King Henry VI

images-17It was possible for medieval kings to be too nice; too pious and too scholarly. Henry VI was the last Lancastrian Plantagenet king. The chaos that spiralled out of control during his reign came about, in part, because of the king’s inability to control his nobility.

In October 1421 Catherine of Valois, wife of Henry V became a mother for the first time at Windsor. Nine months later the infant boy became King Henry VI although he was not crowned in Westminster until 1429. According to the treaty that the French signed after the Battle of Agincourt the boy, following his maternal grandfather’s death was King of England, Wales, Ireland and France.
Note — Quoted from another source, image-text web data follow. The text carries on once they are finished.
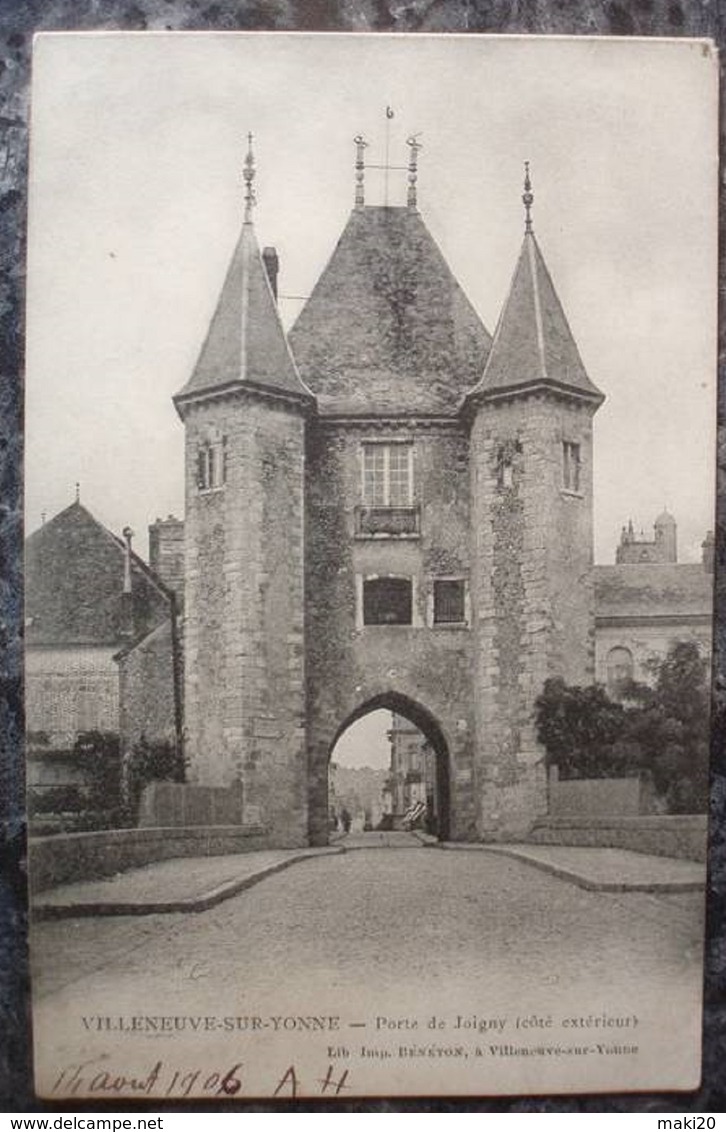 (89).VILLENEUVE SUR YONNE.LOT DE 3 CPA.PORTE DE JOIGNY.FONTAINE BRIARD.LE PONT. - Villebougis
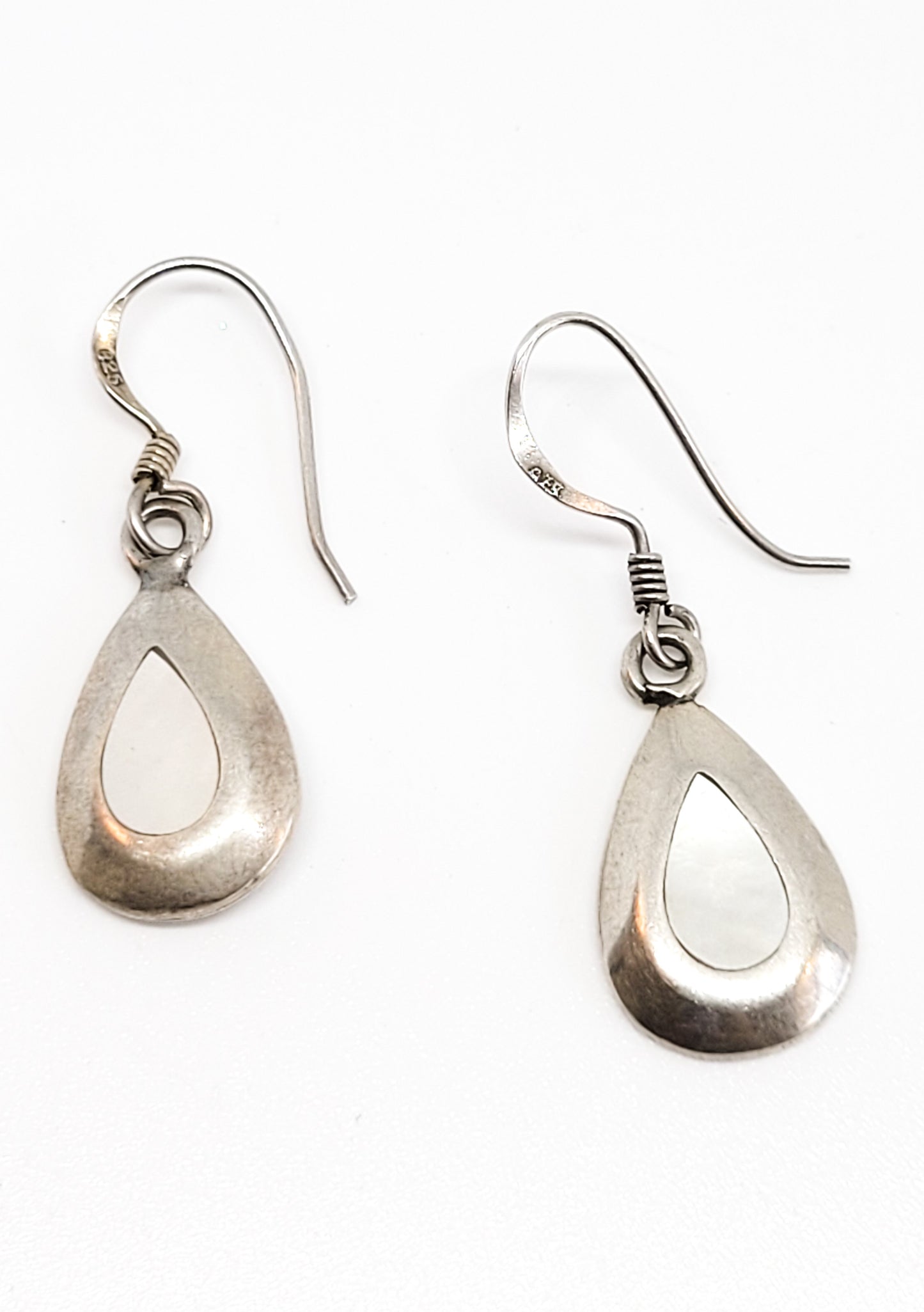 Mother of Pearl MOP gemstone inlay sterling silver tear drop vintage earrings 925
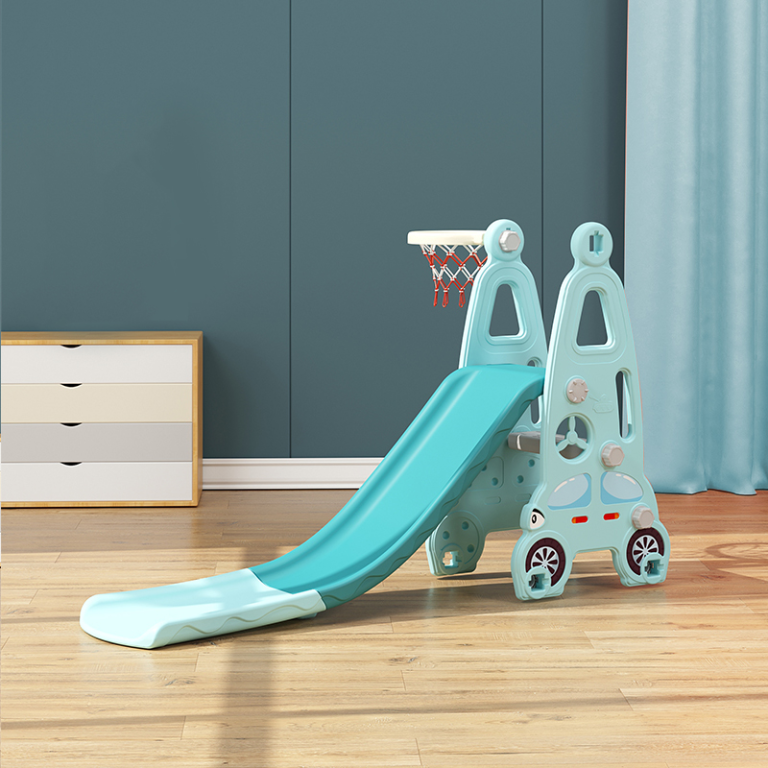 Plastic slide in the shape of a car - Tiffany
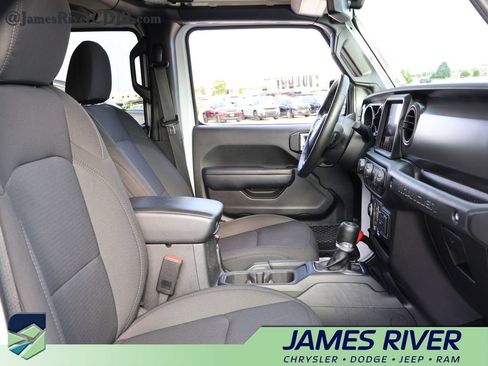 Used 2023 Jeep Wrangler Unlimited w/ Cold Weather Group AWD/4WD image 9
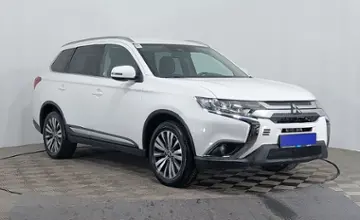 Mitsubishi Outlander 2019 года за 10 490 000 тг. в Астана фото 3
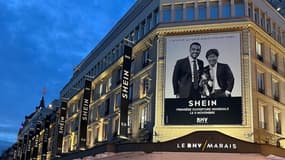 L'affiche sur la façade du BHV pour annoncer l'ouverture du magasin Shein 
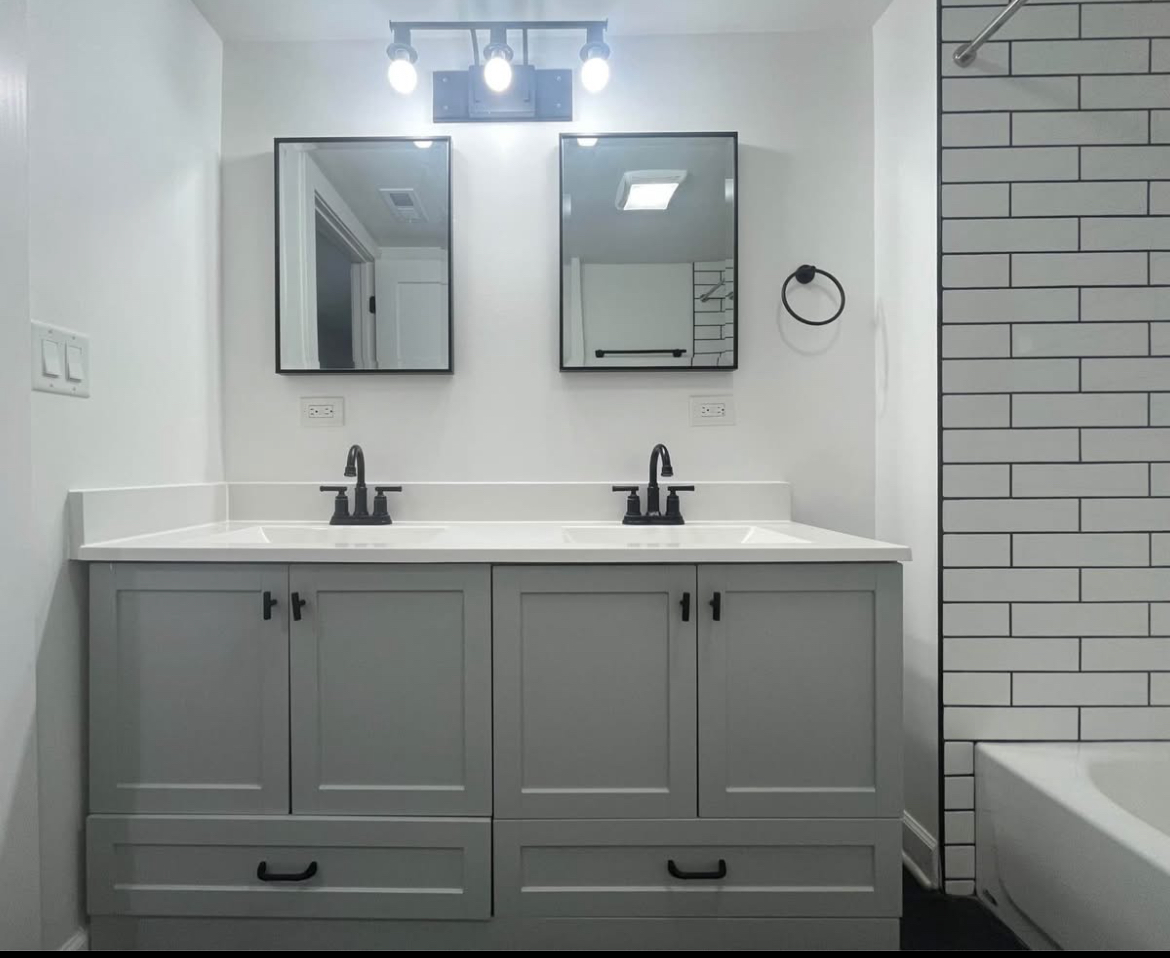 5212 South Lorel Avenue Chicago, IL 60638 - Photo 15 of 17 a bathroom with a double vanity sink mirror and bathtub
Indeed, the boy was crowned in Paris on 16th December 1431 to popular acclaim in Paris but much disgust that the English form of coronation was used rather than the French form. Unfortunately most of the rest of France wanted the dauphin, the son of Charles VI, to rule. The future Charles VII had luck on his side in the form of Joan of Arc; the death of the Duke of Bedford’s wife (Anne of Burgundy) resulted in the Duke of Burgundy changing sides; the death of the Duke of Bedford and faction politics back in England. It probably also helped Charles that Henry VI loathed bloodshed and felt that it was his Christian duty to make peace. This duly occurred in 1445 when Henry married Margaret of Anjou and handed back huge tracts of land to the French.

The Duke of Gloucester was furious but his fall from power was just round the corner. His wife Eleanor was found guilty of witchcraft. Ultimately Gloucester would be accused of treason and then found dead in his bed a couple of days later. It wasn’t long before people were whispering that ‘Good Duke Humphrey’ had been murdered and that the queen had somehow been involved.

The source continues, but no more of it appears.